One thing I have been surprised to see is that there is a scarcity of reviews for the Stowa Seatime Prodiver. Given Stowa's prestige, and the fact that this watch sits at the top of their line of dive watches, I would have expected more to be written on this model. It is perhaps this fact that has emboldened me to venture a review of this intriguing diver's watch.

Comfort:
My curse is that I expect my watches to be comfortable while at the same time I have a particular attraction to dive watches. These watches often are not the lightest, slimmest or frankly most comfortable on the wrist. Perhaps this is because when you are underwater, there is wetsuit between the watch and your skin, so what does it matter? Whatever the case, while I have enjoyed the practicality and cost/value ratio of the Seiko divers (Monster, Samurai, 007) they all have comfort issues for me. This is one thing that has pleasantly surprised me about the Prodiver. It is exceedingly balanced and comfortable on it's metal bracelet. Given it's dimensions and weight, this is quite an accomplishment!



















Legibility:
The legibility of the dial is nothing short of supreme. The conspicuous minute hand and well laid out markers make the time immediately register when you glance at the watch. The slightly domed crystal magnify the dial underwater. The design of the dial at first seems simple (gracefully so).
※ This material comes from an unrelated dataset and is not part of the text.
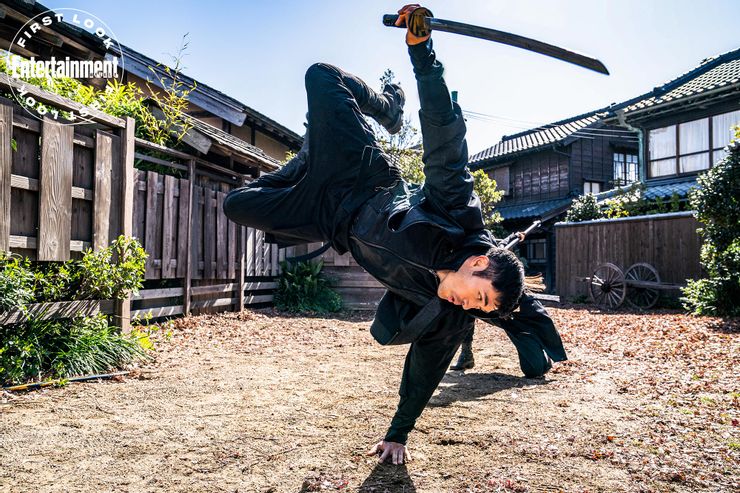 Espectacular primera imagen de Úrsula Corberó en Snake Eyes: el origen henry golding brandishes the sword morning light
However, the more I study it, the more I notice how intricately its elements are woven together. What I find holds the dial together aesthetically is the theme of repeating circles (I count 22 circles on the dial) and dashes. Shapes intersect and cross gracefully, perhaps my favorite feature being the lume circle on the second hand that glides perfectly balanced along the white circle that frames the inner portion of the dial. At night, the lume dashes dissipate at their edges (a function of how the lume is applied in a mound) and recede at their outer ends into a lume dot, which reflects off the inner wall of the steel case. This creates a bubbly, underwater effect that is enchanting, not to mention entirely appropriate for a dive watch. I wish I could provide a good lume shot, but you will have to see it in person to appreciate it. And finally, Stowa's insignia sets the standard for class.










Accuracy:
This watch houses the basic ETA 2824-2 swiss movement, which is well respected for its reliability and accuracy. Though this watch doesn't have the COSC certification (which you can specify as an option when you purchase from Stowa), it runs -2.5 seconds slow a day. Needless to say, I am quite pleased with its accuracy.

Reliability/Toughness:
The Prodiver houses a highly respected swiss ETA movement, domed 3.7mm thick sapphire crystal (which after six months of non-delicate use doesn't have a single tiny scratch), stainless steel case, screw-down crown and solid screw-down case back with a depth rating of 1000m. This watch is built for action, and is well suited to someone who has no desire to baby his watch and leave it behind any time he goes out to have fun in the sun (or whatever). A neat diver's feature - it also has a swiss made helium release valve (the same found in many higher end dive watches) that protects the watch from damage caused by helium pressure build up (which can happen on deep dives). It also looks cool.










Lume:
I already mentioned the beautiful "underwater" aesthetic effect of the lume on this watch. When talking about brightness, I have to compare it to my Seiko monster, which is famous for it's bright lume. I have to say it equals if not exceeds even my Seiko monster for longevity, if not for initial brightness. At 6am in the morning when it is still completely dark I can easily read the dial as it continues to glow a more pale white color after the initial bright green has had 8 hours to relax. If the Seiko lume is in fact technically as bright, because the dial is not as easily readable because of how the lume is applied to the hour and minute hands, the Prodiver remains the most legible, and thus seemingly bright. Whatever the case, no one will be found wanting for lume with this watch - it is top tier.

Aesthetics:
The design of the case and bracelet flow together quite well. From a quality standpoint, there is an unusually perfect fit from the solid bracelet end link to the case. There is literally no play at all, and yet when you are putting the bracelet on to the case, on it slides in place easily. This is extremely precise crafting, which is no surprise since it is manufactured in Germany. Regarding the design, it is a style all its own. It has a simplicity about it that is rugged but very graceful. You will find yourself thinking about how classy the watch looks without realizing you are thinking about how the watch looks, if that makes any sense. In otherwords, it doesn't scream at you with its design. I like this about it, and I believe this fact will enable the Prodiver to remain unique and appealing even as trends in watch design change.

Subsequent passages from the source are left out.